▶ [Task to complete]
Every line from the start of the records below to the line containing "Aqua royal blue dress - size small" should be retyped exactly, that line included, and no others.

▶ [Listed records]
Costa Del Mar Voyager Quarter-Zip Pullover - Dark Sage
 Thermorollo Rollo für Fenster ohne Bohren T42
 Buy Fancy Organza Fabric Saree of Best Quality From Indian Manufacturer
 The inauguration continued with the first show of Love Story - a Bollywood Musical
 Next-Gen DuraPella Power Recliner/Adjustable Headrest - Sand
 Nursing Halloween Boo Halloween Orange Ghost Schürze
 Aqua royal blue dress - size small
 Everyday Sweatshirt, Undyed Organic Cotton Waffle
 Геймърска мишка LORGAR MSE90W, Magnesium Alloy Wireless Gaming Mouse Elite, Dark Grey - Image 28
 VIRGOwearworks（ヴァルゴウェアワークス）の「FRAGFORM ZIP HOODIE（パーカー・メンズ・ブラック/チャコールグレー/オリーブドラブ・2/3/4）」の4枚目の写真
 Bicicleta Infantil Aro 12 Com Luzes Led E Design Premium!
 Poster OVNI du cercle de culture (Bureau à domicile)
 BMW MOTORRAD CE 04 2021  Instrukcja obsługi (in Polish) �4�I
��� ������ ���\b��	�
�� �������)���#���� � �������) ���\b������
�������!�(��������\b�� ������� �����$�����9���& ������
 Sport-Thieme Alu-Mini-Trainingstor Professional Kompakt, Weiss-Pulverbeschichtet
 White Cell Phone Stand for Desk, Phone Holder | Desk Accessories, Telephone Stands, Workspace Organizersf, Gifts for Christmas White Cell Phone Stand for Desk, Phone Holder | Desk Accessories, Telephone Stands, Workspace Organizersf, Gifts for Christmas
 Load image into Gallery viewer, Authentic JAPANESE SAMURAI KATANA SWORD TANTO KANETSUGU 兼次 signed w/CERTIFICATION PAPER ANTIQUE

▶ [Exercise answer]
Costa Del Mar Voyager Quarter-Zip Pullover - Dark Sage
 Thermorollo Rollo für Fenster ohne Bohren T42
 Buy Fancy Organza Fabric Saree of Best Quality From Indian Manufacturer
 The inauguration continued with the first show of Love Story - a Bollywood Musical
 Next-Gen DuraPella Power Recliner/Adjustable Headrest - Sand
 Nursing Halloween Boo Halloween Orange Ghost Schürze
 Aqua royal blue dress - size small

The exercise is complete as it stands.